Universal and Illumination’s Despicable Me 3 opened to a record-breaking weekend at the Chinese box office in the period of July 3-9, raking in $63.96m from its first three days.
This represented the biggest opening weekend for an animation, surpassing the record held by Kung Fu Panda 3, which is currently the second highest animation of all time in China.
Despicable Me 3 has also brought the franchise to new heights, as its opening weekend has already outgrossed the final gross of both Despicable Me 2 and Minions.
Paramount’s Transformers: The Last Knight failed to score a hat-trick at the top of the Chinese box office. After sitting atop for two weeks, it fell to second place with $21.91m. Its 17-day total of $215.56m made it the fifth highest non-Chinese film and the 11th highest overall, overtaking Jurassic World, Avengers: Age Of Ultron and Warcraft.
Transformers 5 has lost much of its momentum – edged out by Despicable Me 3 and two new Chinese films to fourth place on both Friday and Saturday before bouncing back to the third on Sunday. It will finish behind its predecessor Transformers: Age Of Extinction.
Despicable Me 3’s sensational opening drove last week’s box office upwards, by approximately 18% week-on-week. Apart from the top two positions from Hollywood, the rest of the top 10 belonged to Chinese cinema.
The House That Never Dies 2 opened solidly in third place with $20.28m from its first four days. The Chinese horror thriller scared off Transformers 5 and topped the box office on its opening day (Thursday) and remained in second spot throughout the weekend after Despicable Me 3’s opening.
Apart from the haunted house setting, the new horror sequel bears not much resemblance to its original and has a different director (Joe Chien) and cast (Julian Cheung and Gillian Chung).
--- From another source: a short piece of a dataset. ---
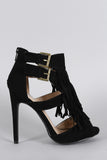 Qupid Double Buckle Falling Fringe Peep Toe Heel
The original film scored almost $60m (based on current exchange rate) in 2014, a new benchmark at that time for a local horror genre.
Local sci-fi thriller Reset fell to the fourth with $10.43m for $27.59m after 11 days; ahead of local slapstick comedy The One which opened with $10.38m from its first three days. The latter, starring Lu Zhengyu (who is also the director), popular comedian Fan Wei and Taiwan actress Amber Kuo, was originally scheduled for a Chinese New Year release.
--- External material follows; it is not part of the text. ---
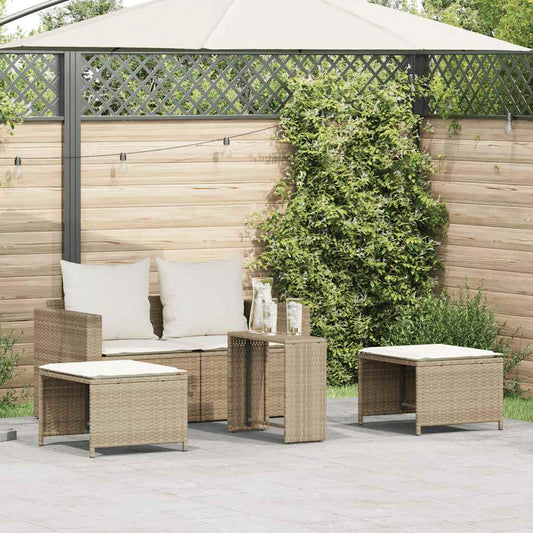 Set Divano da Giardino 5 pz con Cuscini Beige in Polyrattan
Several Chinese holdovers rounded out the top 10. Hong Kong auteur Ann Hui’s Our Time Will Come maintained in sixth place with $3.80m for $8.66m after nine days; Zhang Yang’s Tibetan pilgrimage docu-drama Paths Of The Soul continued to impress with a high per-screen average on $3.60m for $12.44m after 20 days; fantasy comedy Wished dropped from third to seventh place on $3.08m for $9.86m after 11 days; historical war drama Battle Of Xiangjiang River on $2.76m for $4.76m after 10 days; Herman Yau’s Hong Kong relationship drama 77 Heartbreaks on $2.49m for $10.22m after 17 days.
Outside the top 10, it’s worth mentioning that Indian inspirational drama Dangal had its last day in the cinemas on July 4. With almost $188m after a lengthy two months, the film currently stands as the highest grossing non-Hollywood foreign film and the 17th highest grossing film overall.
It’s set to be showtime for high-profile Chinese-language films over the summer holidays, as no Hollywood tentpoles have been dated for July and August. Coming up this week, Wu Kong, Fist & Faith and Da Hu Fa are scheduled for July 13.